プレイ後にお悩み相談 イケメンS男が抱える悲しいジレンマ

深志美由紀 官能作家
更新日:2020-02-05 18:33
投稿日:2020-02-05 18:30
 出会い系の中でもSMでのマッチングに力を入れていた時の話です。その男性は輸入関係の仕事をしておりなかなかのイケメン。スタイルもよく、趣味は格闘技という彼氏力の高い人でした。

「殴らないと勃起できない……」

 お会いしてみたところエスコートもスマートで話もお上手。私はドキドキしながら彼と一緒にホテルに入りました。

 ホテルに入ると、早速私に「服を脱いで俺の目の前に跪いて、頭を床に付けて」という彼。いう通りにすると、後頭部をぐっと足で踏まれて私の胸はキュンとときめきました。マゾなので!!

 そこからはめくるめくSMの世界が広がっていったわけですが、プレイ後にふたりでまったりとお酒を飲んでいると、彼がこんなことを言い出しました。

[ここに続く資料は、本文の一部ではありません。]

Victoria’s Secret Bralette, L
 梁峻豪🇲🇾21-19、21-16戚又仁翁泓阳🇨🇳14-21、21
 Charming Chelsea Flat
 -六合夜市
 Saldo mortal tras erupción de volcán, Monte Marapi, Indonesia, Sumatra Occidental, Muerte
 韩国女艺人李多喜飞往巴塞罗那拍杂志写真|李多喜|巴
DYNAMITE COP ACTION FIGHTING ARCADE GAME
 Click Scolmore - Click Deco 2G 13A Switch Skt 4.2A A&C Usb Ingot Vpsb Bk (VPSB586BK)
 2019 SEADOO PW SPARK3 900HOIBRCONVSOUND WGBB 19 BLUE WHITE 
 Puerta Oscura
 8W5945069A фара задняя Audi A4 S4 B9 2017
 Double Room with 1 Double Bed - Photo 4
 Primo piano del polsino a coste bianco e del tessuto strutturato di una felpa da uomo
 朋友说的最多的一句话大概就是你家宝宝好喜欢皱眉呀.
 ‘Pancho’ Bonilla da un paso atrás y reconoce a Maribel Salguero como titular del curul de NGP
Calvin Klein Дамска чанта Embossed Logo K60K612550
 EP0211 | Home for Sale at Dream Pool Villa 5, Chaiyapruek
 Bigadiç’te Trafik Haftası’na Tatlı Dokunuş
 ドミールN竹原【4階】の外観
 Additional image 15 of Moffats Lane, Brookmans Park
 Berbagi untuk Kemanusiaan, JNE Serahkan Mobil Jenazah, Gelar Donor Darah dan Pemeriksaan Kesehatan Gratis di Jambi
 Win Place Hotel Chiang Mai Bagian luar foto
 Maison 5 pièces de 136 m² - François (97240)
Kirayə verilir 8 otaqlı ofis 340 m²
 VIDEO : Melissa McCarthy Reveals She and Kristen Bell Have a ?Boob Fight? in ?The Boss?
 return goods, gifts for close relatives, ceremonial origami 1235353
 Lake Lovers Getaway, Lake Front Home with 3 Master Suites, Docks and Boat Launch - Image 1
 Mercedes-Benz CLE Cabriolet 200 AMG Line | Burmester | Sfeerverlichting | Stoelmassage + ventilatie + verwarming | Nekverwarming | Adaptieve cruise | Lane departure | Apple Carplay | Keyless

「俺、女の人を叩いたり殴ったりしないと勃起できないんだよね。でも、恋人のことは愛しているから暴力を振るえないでしょ。そうしたらセックスレスになっちゃって」

 なるほど……彼はサディストとしては大変優秀でありますが、いわゆる「ノーマル」な彼女とセックスをする際に困難が生まれているようです。

サディスティックな性癖と趣味の格闘技

 さらに話を聞いてみると、彼の趣味は格闘技だとか。

「人体がダメージを受ける場所とか、少しの力で骨が折れる場所なんかを知るのが好き」と彼は語ります。

 本人的には格闘技の趣味とSMを結び付けてはいないようでしたが、私が見たところ、サディスティックな性癖と格闘技というアイテムは濃密に結びついているように思いました。

 ちなみに、彼とはアナルセックスなどもしたのですが、よく慣らさないうちに挿入しつつこちらが痛がるのを嫌がるという不思議な主張を持った方でありました。どうやら、「無理な主張」を笑顔で女性に受け入れて貰うことに意味があるようです。なので、殴られても悲鳴を上げたりせず、笑顔で受け入れてくれるのが好きなのだとか。

 こういうのは本当に人それぞれで、泣き喚くのを見るのが好きというSの人もいるのではかり知れません。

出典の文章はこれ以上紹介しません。